Now speaking in terms of equations:

\$ P_{avg}= avg(P_{inst}) \$

Now \$P_{inst} = v(t) \cdot i(t)\$ where \$v(t)\$ and \$i(t)\$ are instantaneous voltage and current resp. Hence

\$ P_{inst} = \dfrac{(v(t))^2}{R} \$

\$ P_{avg} = avg \left(\dfrac{((v(t))^2}{R} \right) \$

\$ P_{avg} = \dfrac{(\sqrt{avg(v(t)^2)})^2}{R} \$

\$ P_{avg}= \dfrac{V_{rms}^2}{R} \$

As RMS = \$\sqrt{\text{average of squares of inst.}}\$

The why is simple.

You want 1 W = 1 W.

Imagine a primitive heater, a 1 ohm resistor.

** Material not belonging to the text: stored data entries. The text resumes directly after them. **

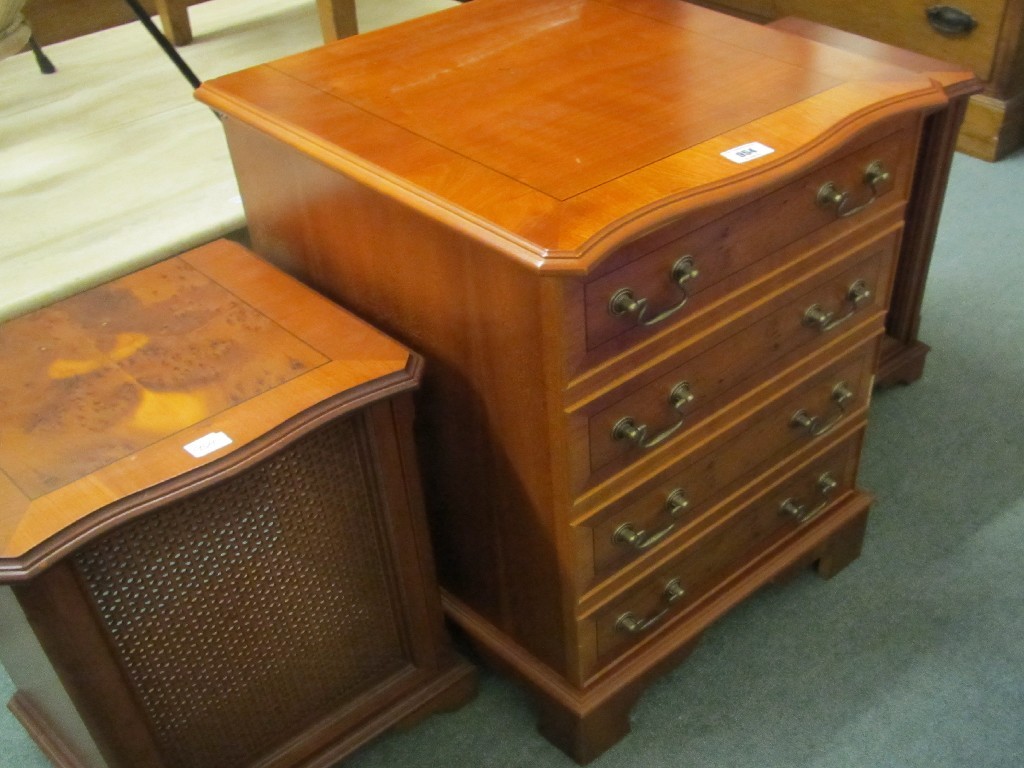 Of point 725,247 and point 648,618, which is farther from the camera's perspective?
point 648,618

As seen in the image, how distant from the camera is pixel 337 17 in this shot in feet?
6.00

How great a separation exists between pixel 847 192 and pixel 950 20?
153 cm

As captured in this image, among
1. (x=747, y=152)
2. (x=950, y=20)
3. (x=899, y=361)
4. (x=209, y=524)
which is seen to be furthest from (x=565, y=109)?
Result: (x=950, y=20)

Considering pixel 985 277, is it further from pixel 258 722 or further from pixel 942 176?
pixel 258 722

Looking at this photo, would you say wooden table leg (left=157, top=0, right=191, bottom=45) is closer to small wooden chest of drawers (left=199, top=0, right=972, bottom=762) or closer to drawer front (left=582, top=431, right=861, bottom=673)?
small wooden chest of drawers (left=199, top=0, right=972, bottom=762)

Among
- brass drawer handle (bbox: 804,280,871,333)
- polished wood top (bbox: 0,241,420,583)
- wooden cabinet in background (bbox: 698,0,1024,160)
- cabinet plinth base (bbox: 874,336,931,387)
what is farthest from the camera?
wooden cabinet in background (bbox: 698,0,1024,160)

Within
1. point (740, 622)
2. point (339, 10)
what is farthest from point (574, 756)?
point (339, 10)

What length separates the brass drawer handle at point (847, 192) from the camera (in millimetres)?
1133

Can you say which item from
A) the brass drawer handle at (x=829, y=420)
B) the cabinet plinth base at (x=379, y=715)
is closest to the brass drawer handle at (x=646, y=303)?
the brass drawer handle at (x=829, y=420)

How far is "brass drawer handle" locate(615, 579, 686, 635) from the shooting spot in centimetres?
125

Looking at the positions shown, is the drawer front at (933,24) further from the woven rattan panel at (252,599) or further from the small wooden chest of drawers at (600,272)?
the woven rattan panel at (252,599)

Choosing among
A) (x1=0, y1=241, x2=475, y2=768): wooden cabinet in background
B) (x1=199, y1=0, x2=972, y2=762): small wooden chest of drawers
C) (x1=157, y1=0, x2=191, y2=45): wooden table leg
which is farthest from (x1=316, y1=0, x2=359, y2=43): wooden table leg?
(x1=0, y1=241, x2=475, y2=768): wooden cabinet in background

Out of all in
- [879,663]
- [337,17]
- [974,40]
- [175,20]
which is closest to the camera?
[879,663]

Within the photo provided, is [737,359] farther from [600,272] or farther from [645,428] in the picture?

Consider 1 VDC into a 1 ohm resistor. Power consumption is obviously 1 W. Do that for one hour, and you burn one watt-hour, generating heat.

Now, instead of DC, you want to feed AC to the resistor, and produce the same heat. What AC voltage do you use?

It turns out that RMS voltage gives you the result you want.

THAT'S why RMS is defined the way it is, to make the power numbers come out right.